Son beş yılda Ortadoğu'daki inanılmaz değişimi anlamak neredeyse mümkün değil. Konvansiyonel siyaset araçlarıyla durumu çözemiyorsunuz artık.
Ortadoğu’da kimler müttefik, kimler rakip?
Son beş yılda Ortadoğu'daki inanılmaz değişimi anlamak neredeyse mümkün değil. Konvansiyonel siyaset araçlarıyla durumu çözemiyorsunuz artık. Politik zemin öylesine kaygan, öylesine değişken ve öylesine güvenilmez ki, yılların diplomasi kuralları, uluslararası sözleşmeler, ittifaklar bir anda kayıp, yok olabiliyor. Artık ülkeler bütüncül bir müttefiklik yerine, parçalı ittifaklar kuruyor.
Fırat'ın doğusunda müttefik, batısında düşman
Bir kaç tane örnek vereyim.
Mısır'daki darbe konusunda Suudi Arabistan'la Türkiye rakip, İran'la Suud müttefikti. Suriye konusunda ise Suud ile Türkiye müttefik, İran'la rakip. Bunlar bir kaç yıl önceydi. Bu durum, kafa karışıklığına neden olsa bile, yine de anlamak mümkündü.
Şimdi durum daha da karıştı. Suriye'deki son tabloya bakın.
Fırat'ın batısında ABD ile rakip, Rusya ile müttefikiz. Fırat'ın doğusunda ise Rusya ile rakip, ABD ile kısmen müttefikiz.
İtirazlarımıza rağmen, Halep'i bombalayan Rusya, Cerablus'ta Türkiye'ye destek veriyor.
Suriye'de IŞİD ile mücadelede İran ve ABD Türkiye'yi destekliyor ama Musul'da IŞİD'e karşı mücadelede Türkiye'ye rakip.

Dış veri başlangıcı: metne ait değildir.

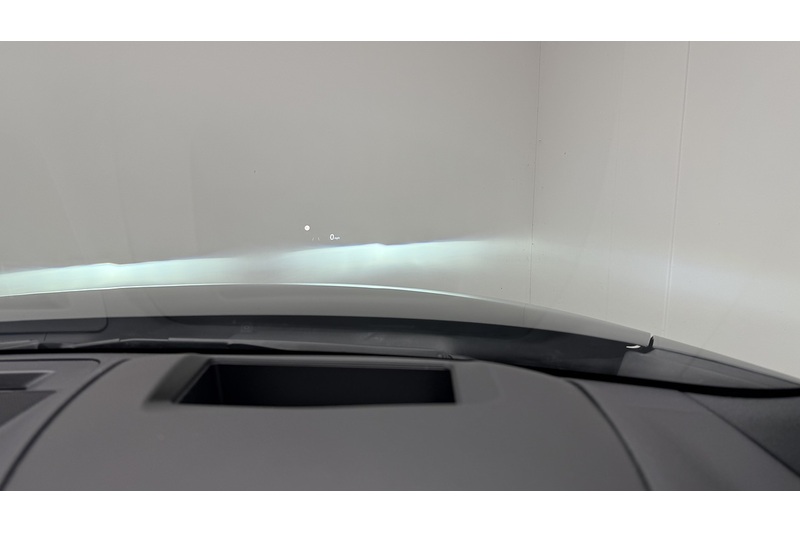 Mazda CX-5 e-SKYACTIV G MHEV Takumi - U4402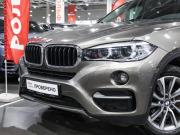 BMW X6 II (F16) Санкт-Петербург  - изображение 34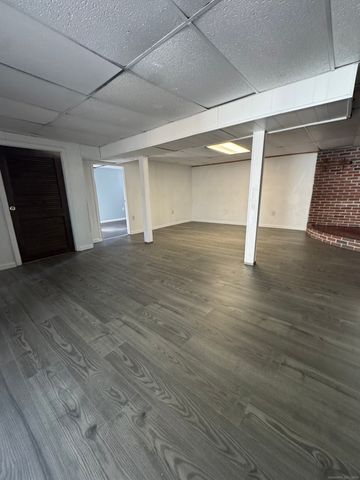 3 Birchwood Drive, Norwich, CT 06360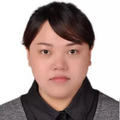 张云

Yani, Suriye içinde neredeyse şehirlere, mahallelere göre ülkeler ittifaklar kuruyor, rekabet ediyor ve bir birine karşı operasyon yapıyor.
63 ülke burada ne yapıyor, bilen yok
Çok karmaşık, çok tehlikeli, çok riskli bir durum bu. Cumhurbaşkanı Erdoğan'ın açıklamasıyla, 63 ülke Suriye ve Irak'ta güya IŞİD'e karşı operasyon yapıyor. Kimin, kimle ne yaptığını bilen yok aslında. Bu ülkeler binlerce kilometre öteden, uçağı, gemisi, topu, tüfeği ile niye geldi, ne yapıyor burada?

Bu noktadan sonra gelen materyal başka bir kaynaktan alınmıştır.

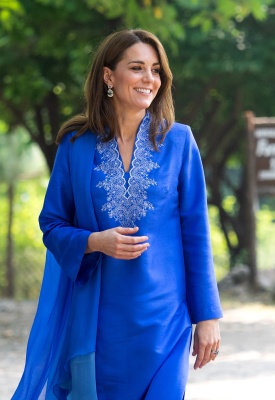 kate_0044.jpg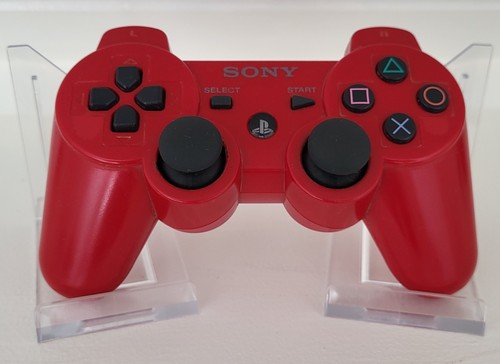 Sony playstation controller - sony, 3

Kavganın büyüğü aslında Irak'ta. Musul'a kilitlenmiş gibi gözükse de mesele, Kuzey Irak'ı çok derinden etkileyecek, Irak'ın toprak bütünlüğünü ve haritasını değiştirecek bir boyutta.
Musul'da ABD, İran ile müttefik, Rusya ile rekabet halinde. Ama İran, Rusya'nın en büyük müttefiki aynı zamanda. Musul meselesi, Birinci Dünya Savaşı'ndan bu yana krizlerin odağında oldu hep. Şimdi üçüncü dünya savaşının çıkma nedeni olacak kadar merkeze oturdu.
Maalesef bu karışıklık ve kaostan en çok etkilenen biziz. Dünyanın kriz merkezine dönen iki ülke de bize sınır. Terör bu iki ülkede doğup, büyüyor ve sonra en çok bize saldırıyor.
En büyük hasım ABD oldu bölgede
En büyük ve en eski 'müttefikimiz' dediğimiz Amerika'dan her gün aleyhimize bir operasyon görüyoruz, bir ters açıklama duyuyoruz. Buna karşı, tarihi olarak 'düşman' dediğimiz, daha bir ay öncesine kadar bize kan kusturan Rusya ile, iki gün önce en büyük anlaşmaları, stratejik ortaklık metinleri imzaladık. Ancak Halep'te canımızı yakacak şekilde bombardımana devam ediyor Rusya. Nasıl karışmasın kafamız?
Son derece girift ve parçalı bir durum var. Öyle sahayı çok iyi okuyup, çok iyi strateji üreten, çözüm yolları bulan insanlarımız da yok. Sadece bizim değil, ABD Başkan Yardımcısı bile, ülkesinin Suriye ve Irak'ta kime silah verdiğini, kimi desteklediğini takip edemiyor artık.
Bu nedenledir ki, bölgede ne oluyor, kim ne yapıyor, nereye gidiyoruz gibi analiz yapanları dikkatli dinleyin. Günlük olarak değişen ittifakları, düşmanlıkları takip etmek için özel yazılım bir program geliştirmek gerek artık. O denli hızlı, o denli karmaşık.